Los cuerpos de los civiles muertos en las calles nos interpelan, son visibles y expuestos como producto de la barbarie desatada, sin embargo, el horror y la barbarie desencadenadas por el régimen israelí, se invisibilizan. Los cuerpos de los palestinos y palestinas asesinadas yacen enterrados bajo toneladas de escombros; solo desde el año 2008 a la fecha se contabilizan oficialmente en más de 10.000 víctimas del terror sionista. El avance sostenido, programado e ininterrumpido de la colonización desplaza a la población palestina, cada vez más sitiada y cada vez más acorralada. Los datos son irrefutables: decenas de puestos de control, el aberrante Muro de la Vergüenza, el control del suministro de energía eléctrica y de agua por parte del Estado de Israel, el bloqueo de Gaza, la expulsión de los palestinos de sus propias tierras iniciado hace largo tiempo, y finalmente, el aniquilamiento de la identidad palestina que resulta ser el objetivo final de Israel que -por otra parte- ha desconocido todas las resoluciones de la ONU. La resistencia a la opresión permanente es consagrada como derecho en el cuerpo normativo internacional, no obstante, las potencias occidentales lo omiten para el pueblo palestino, mientras lo reconocen en otras latitudes. Los medios de comunicación reproducen con insistencia la categorización de ¨terrorista¨, de modo que se impugne por ilegítima la resistencia palestina, mientras millones lloran las muertes israelíes, otros millones celebran las acciones inéditas de Hamas. ¿Será que estos millones son todos terroristas o desalmados? ¿Son estos millones de personas mentalmente insanas o atrapadas por el odio? Y, del otro lado ¿cuánto odio acumulado hacia los palestinos justifica el deseo explícitamente declarado -incluso por parte de autoridades israelíes- de eliminar al pueblo palestino? Evidentemente, las perspectivas son radicalmente diferentes.

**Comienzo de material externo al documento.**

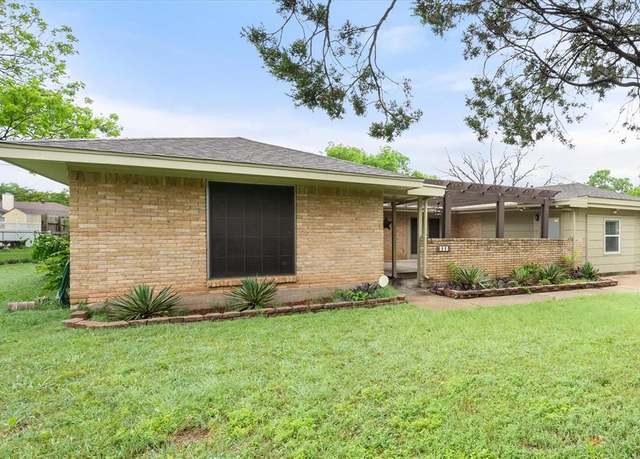 Property at 806 Marigold Dr, Cedar Hill, TX 75104, 3 beds, 2 baths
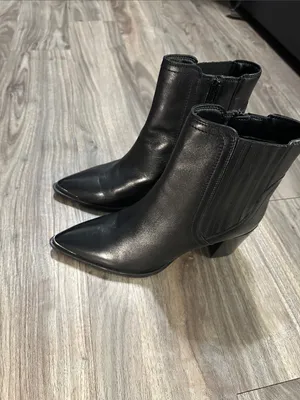 House of Harlow 1960 Black Leather Chelsea Ankle Boots thumbnail 7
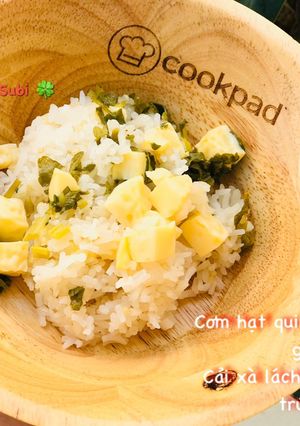 Hình của món Cơm hạt quinoa nước cốt gà- cải xà lách son đậu hủ non.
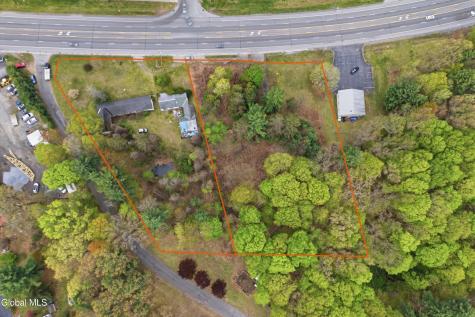 2595-2599 U.s. 9 Malta NY 12020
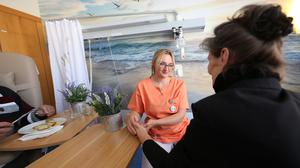 Palliativmedizinische Tagesklinik in Potsdam. Seit dem Frühjahr gibt es am St. Josefs als zweijähriges Erprobungsprojekt eine palliativmedizinische Tagesklinik. Anna Nickel betreut gerade eine Patientin, unter anderem mit Gesprächen und Handmassagen.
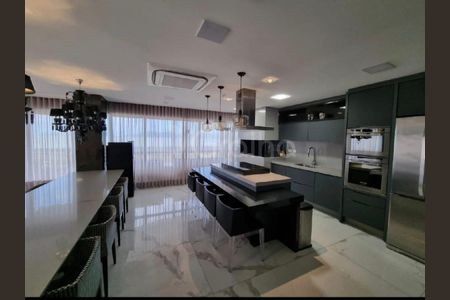 23_photo/952737e091.fb0c3d69f6fa2a7e-ATLAS-c56aac82-7bcf-41b3-90b0-b8b2aa2cfbec.jpg de apartamento à venda com 3 quartos, 120m² em Centro, Florianópolis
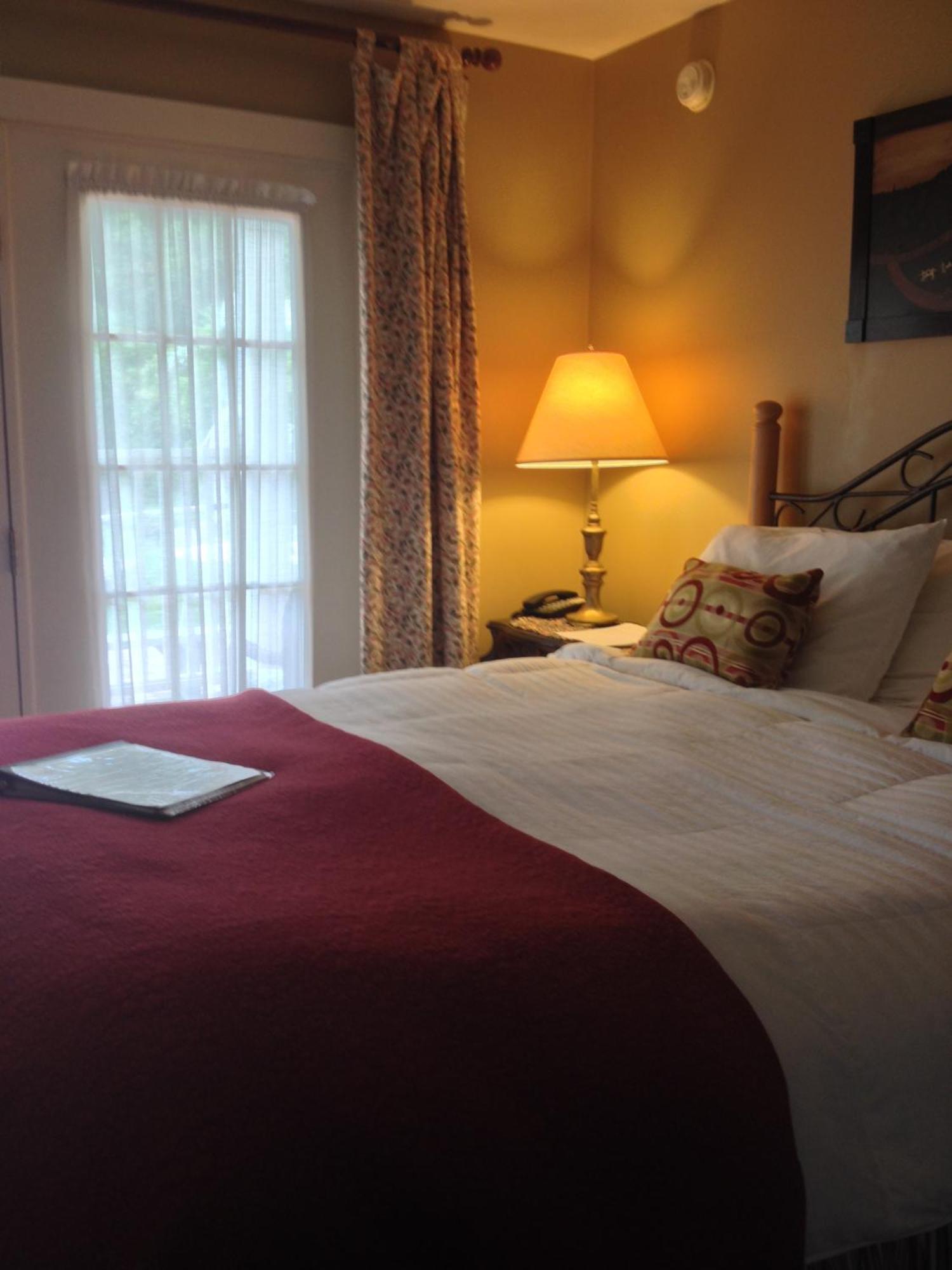 The White House Inn Cooperstown Buitenkant foto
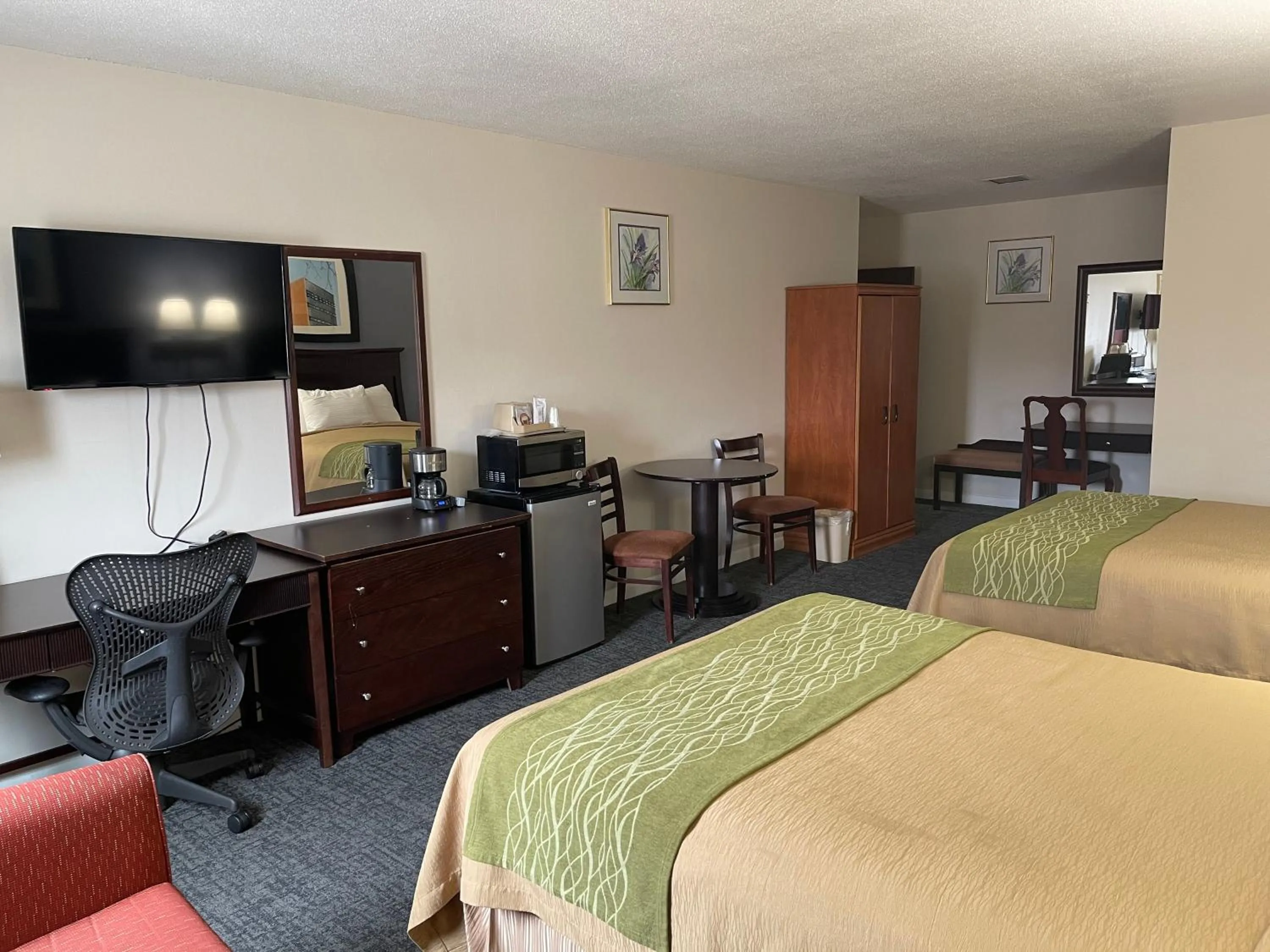 Bed in Village Inn Green Bay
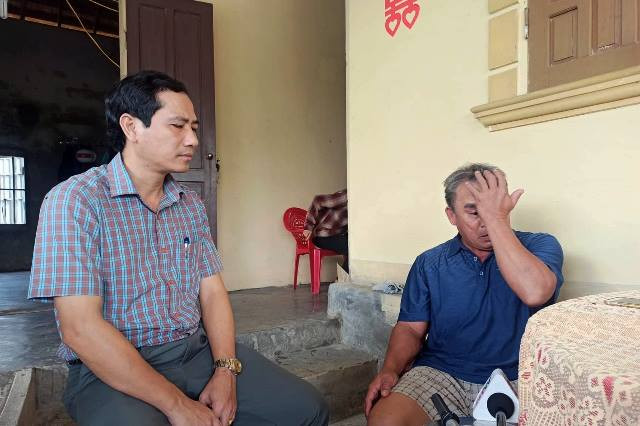 Địa phương đến động viên, thăm hỏi gia đình em Võ Nhân Du nghi bị tử vong trong chiếc xe container tại Anh.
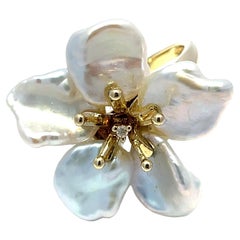 14k Yellow Gold Ring with Natural Freshwater Pearl Petals 
Diamond Center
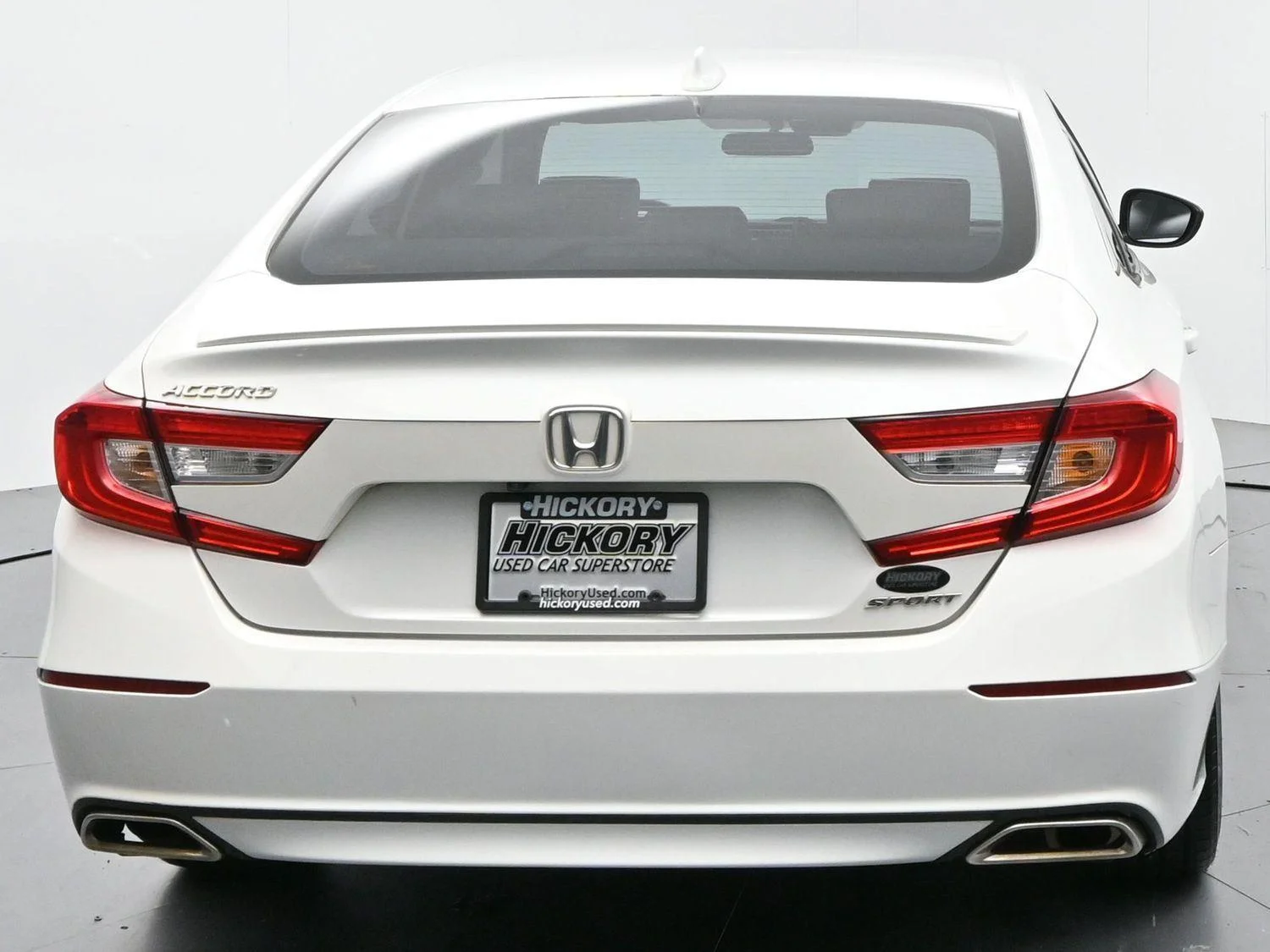 Used 2018 Platinum White Pearl Honda Sport image 6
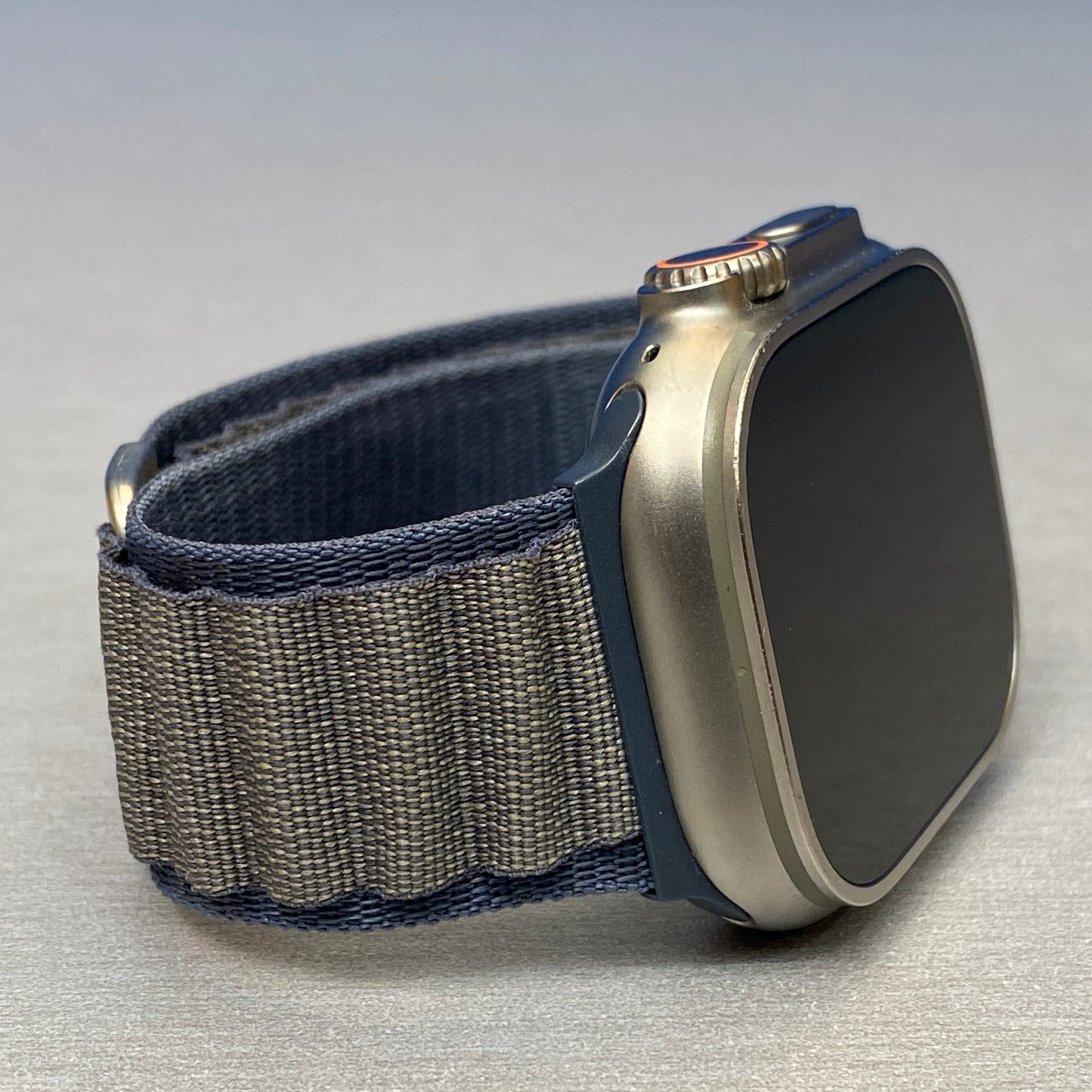 Apple Watch Ultra 2 | Titanium Natural | 49mm | Alpine Loop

En Latinoamérica las luchas por la independencia no fueron pacíficas, toda vez que el opresor quiso mantener su dominio colonialista. Para nosotros, la Solución pasa por un auténtico proceso de negociación que culmine reconociendo y garantizando los derechos del pueblo palestino en toda su plenitud, para conducir a una paz justa y duradera para todos. Se lo merecen dos pueblos hermanos.
(*) Christian Mirza, profesor e investigador de la Universidad de la República Oriental del Uruguay (UdelaR)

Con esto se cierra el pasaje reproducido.